| WHAT THE TASK REQUIRES |
Your answer must consist of the records exactly as given, with no pictures included.
### RECORDS ###
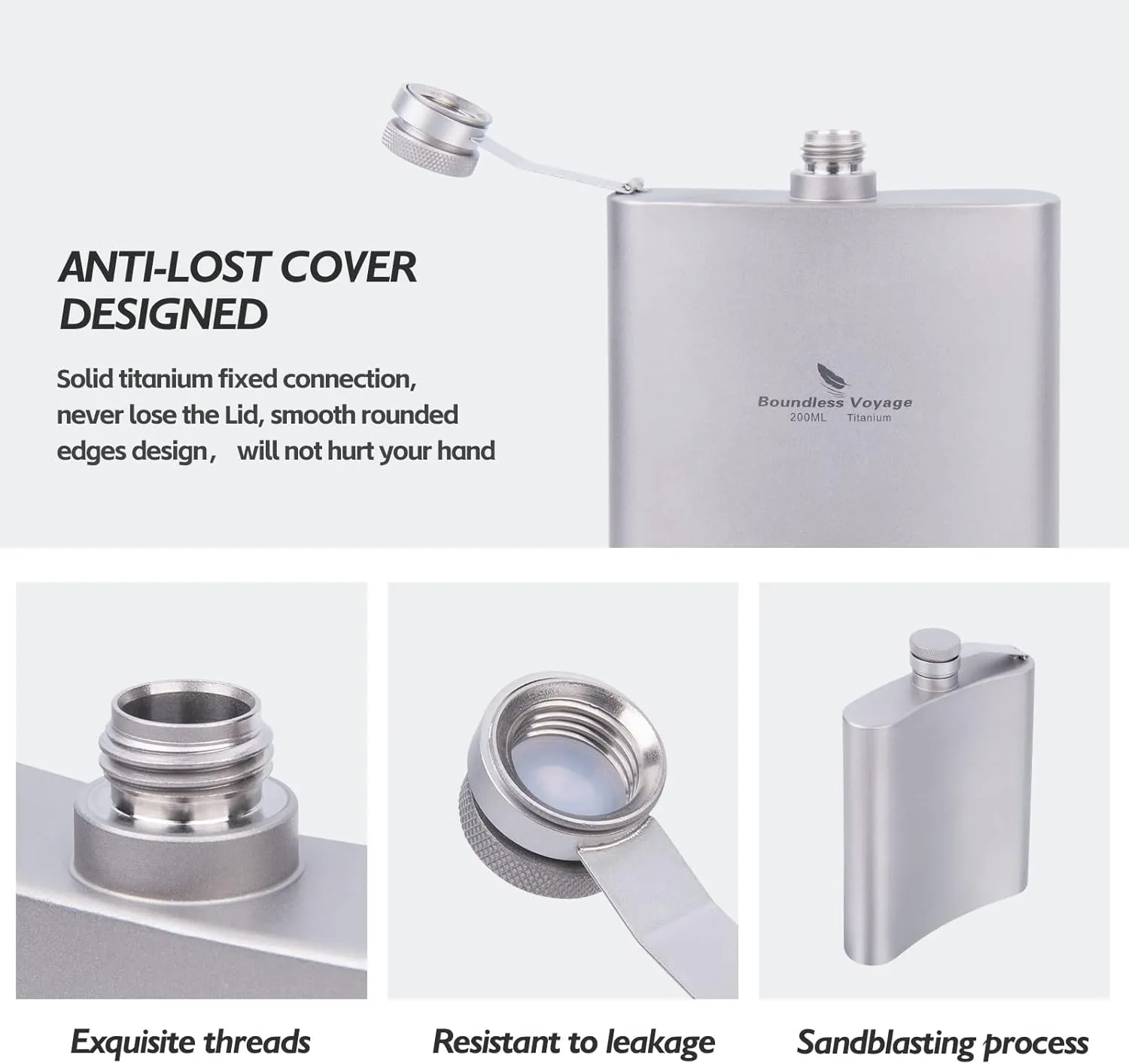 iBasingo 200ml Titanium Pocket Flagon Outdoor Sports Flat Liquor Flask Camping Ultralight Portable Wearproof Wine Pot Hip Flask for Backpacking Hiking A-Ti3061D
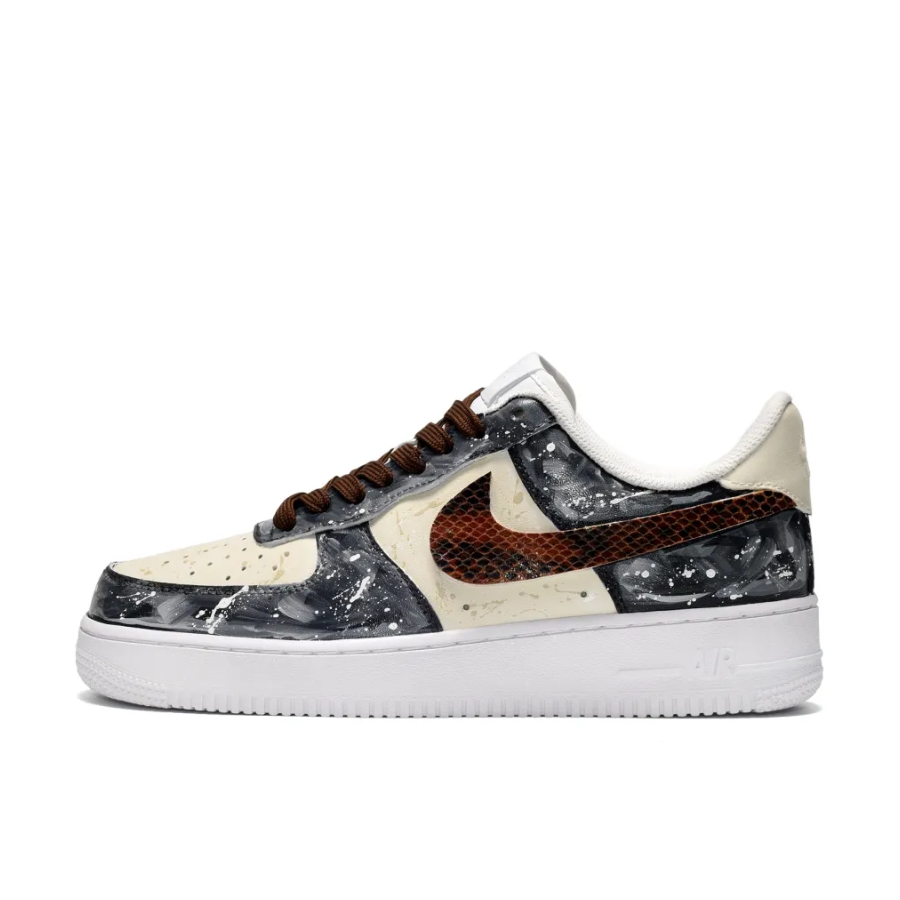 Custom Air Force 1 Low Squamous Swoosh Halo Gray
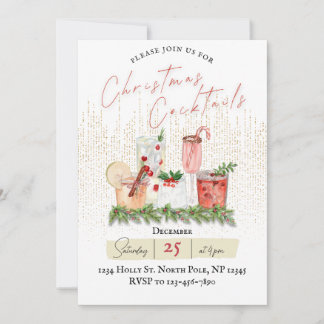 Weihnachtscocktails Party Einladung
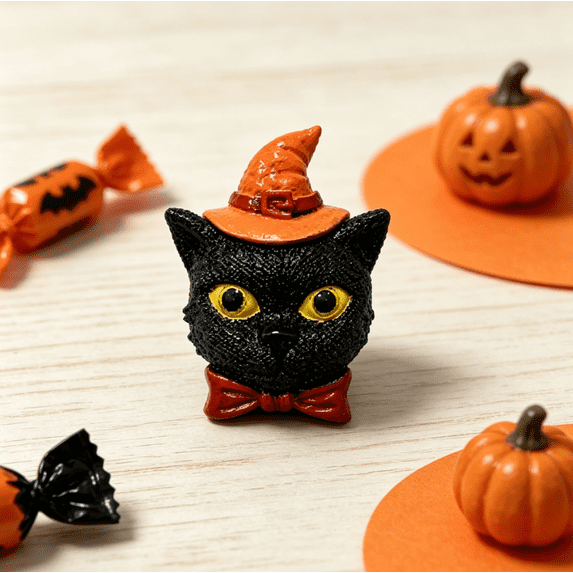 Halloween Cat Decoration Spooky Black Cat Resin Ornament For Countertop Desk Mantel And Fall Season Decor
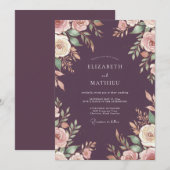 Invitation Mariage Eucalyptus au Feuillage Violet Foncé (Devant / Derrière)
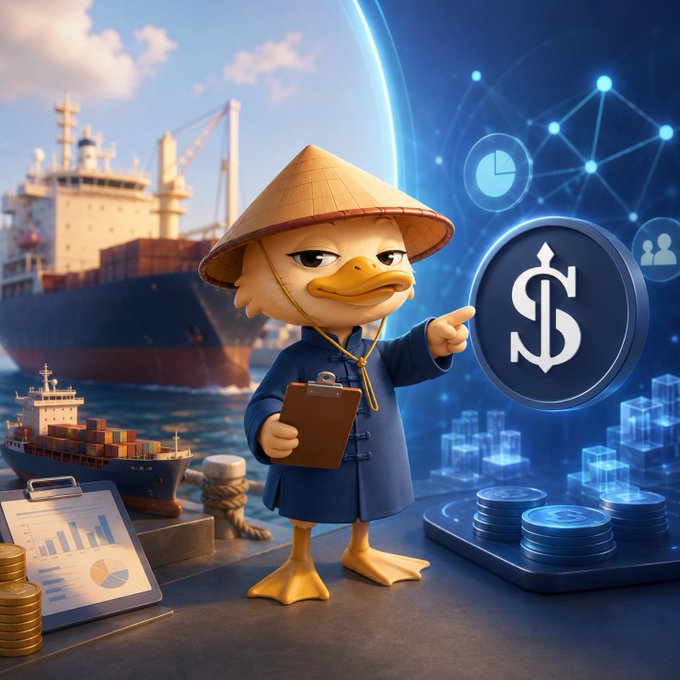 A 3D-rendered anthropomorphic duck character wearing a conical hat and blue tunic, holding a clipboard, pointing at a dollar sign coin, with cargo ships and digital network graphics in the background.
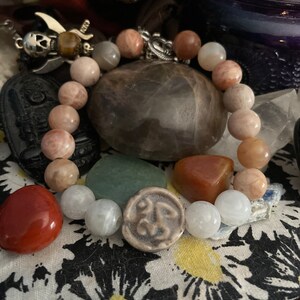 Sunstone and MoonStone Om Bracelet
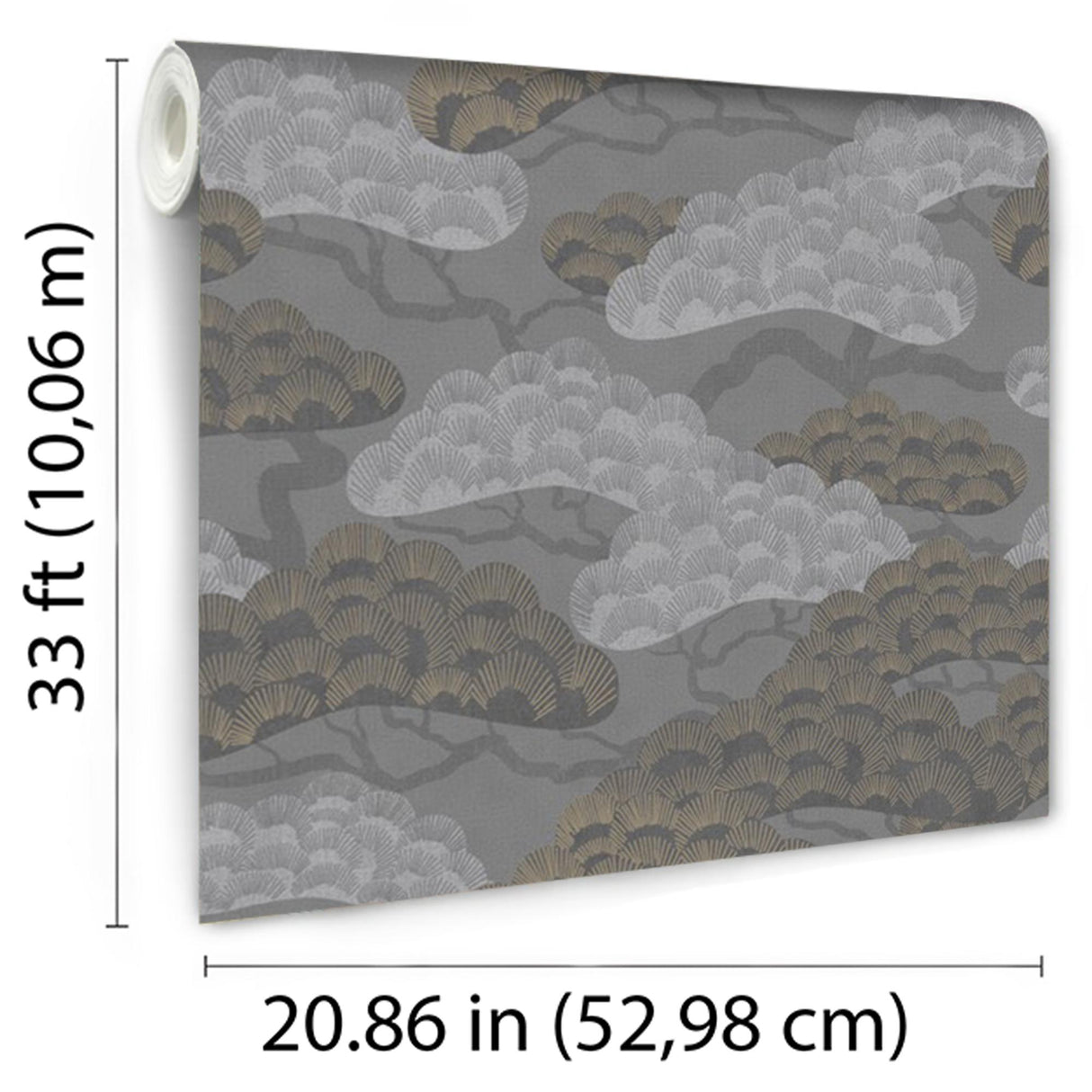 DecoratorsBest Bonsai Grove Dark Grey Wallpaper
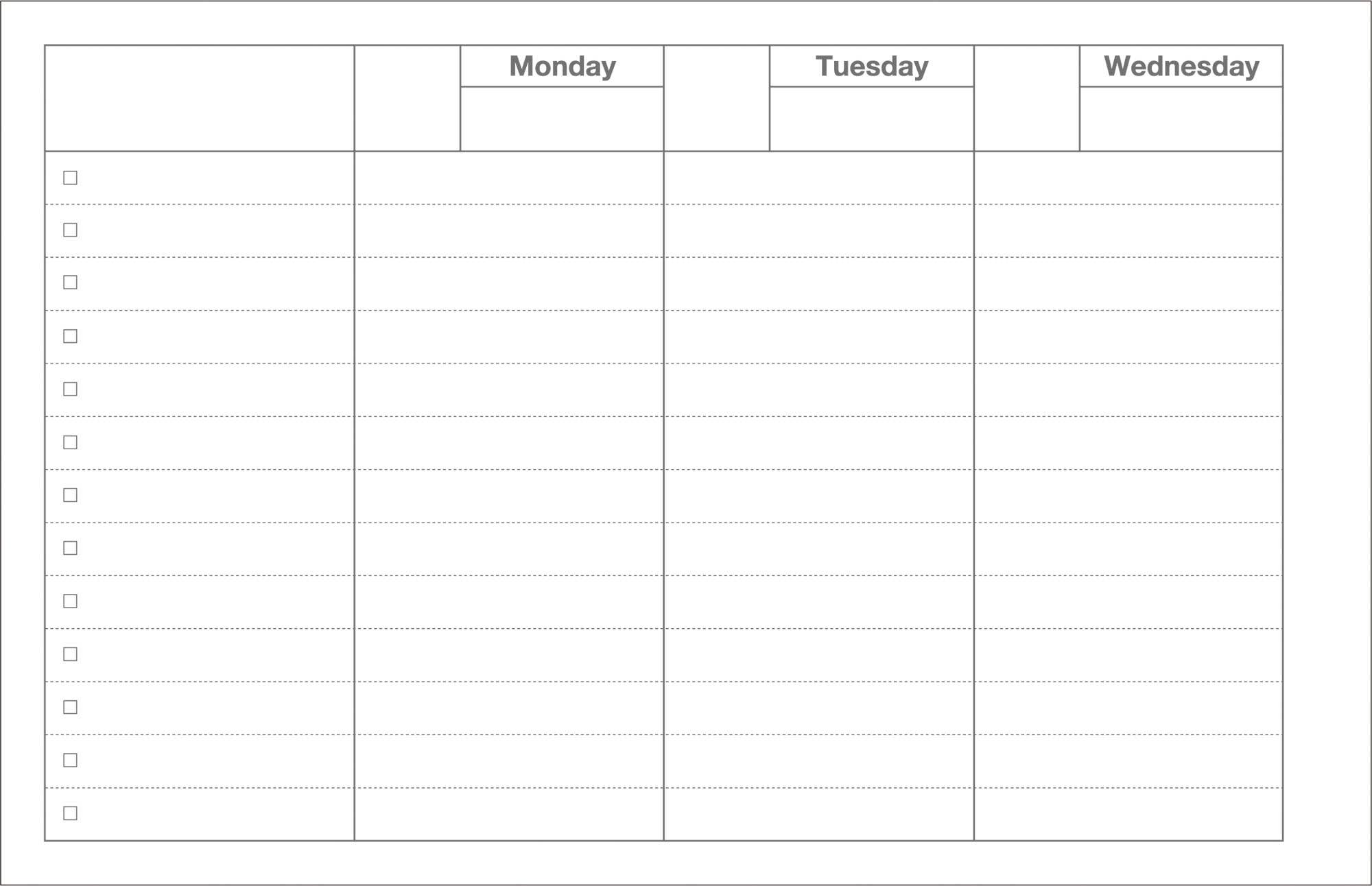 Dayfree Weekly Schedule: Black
###
| RESPONSE TO THIS EXERCISE |
 iBasingo 200ml Titanium Pocket Flagon Outdoor Sports Flat Liquor Flask Camping Ultralight Portable Wearproof Wine Pot Hip Flask for Backpacking Hiking A-Ti3061D
 Custom Air Force 1 Low Squamous Swoosh Halo Gray
 Weihnachtscocktails Party Einladung
 Halloween Cat Decoration Spooky Black Cat Resin Ornament For Countertop Desk Mantel And Fall Season Decor
 Invitation Mariage Eucalyptus au Feuillage Violet Foncé (Devant / Derrière)
 A 3D-rendered anthropomorphic duck character wearing a conical hat and blue tunic, holding a clipboard, pointing at a dollar sign coin, with cargo ships and digital network graphics in the background.
 Sunstone and MoonStone Om Bracelet
 DecoratorsBest Bonsai Grove Dark Grey Wallpaper
 Dayfree Weekly Schedule: Black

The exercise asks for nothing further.